SUPPLIED DATA:
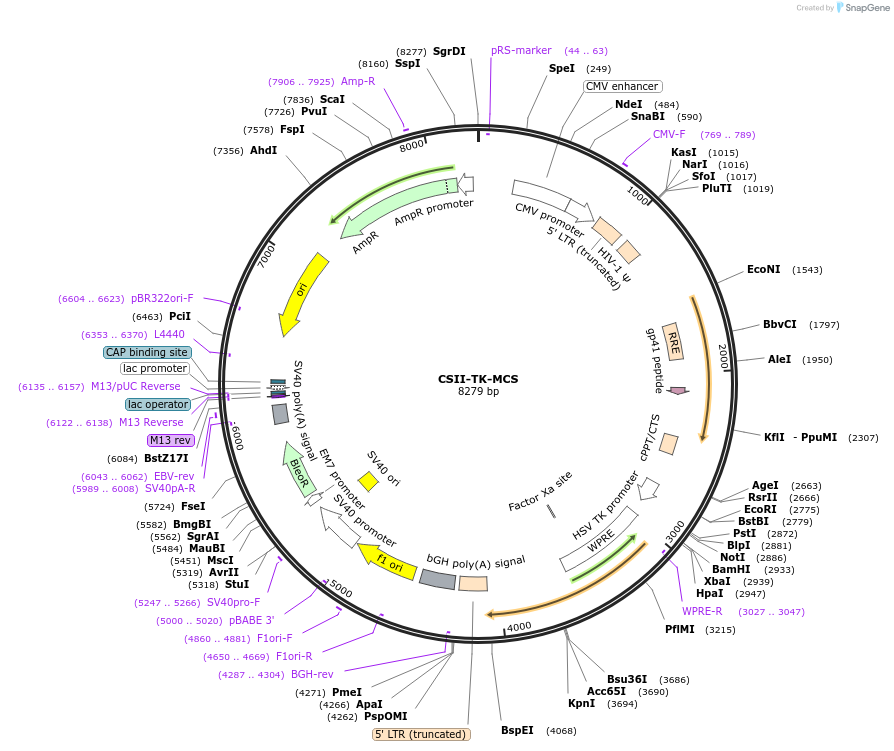 203597-plasmid-map-sequence-id-409604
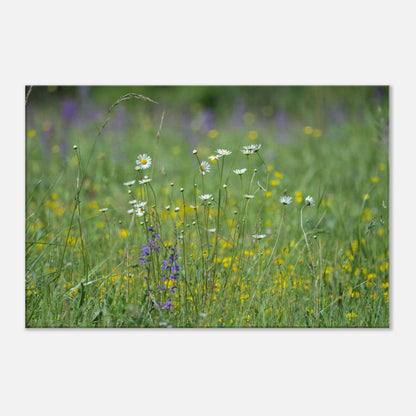 Flower Field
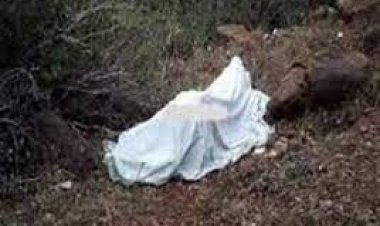 العثور على جثة «الدهشوري» مقتولًا ومهشم الرأس داخل «مشتل» في مصر القديمة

TASK DIRECTIONS: Word for word, reproduce all the data, but not the pictures.

RESULT BELOW:
 203597-plasmid-map-sequence-id-409604
 Flower Field
 العثور على جثة «الدهشوري» مقتولًا ومهشم الرأس داخل «مشتل» في مصر القديمة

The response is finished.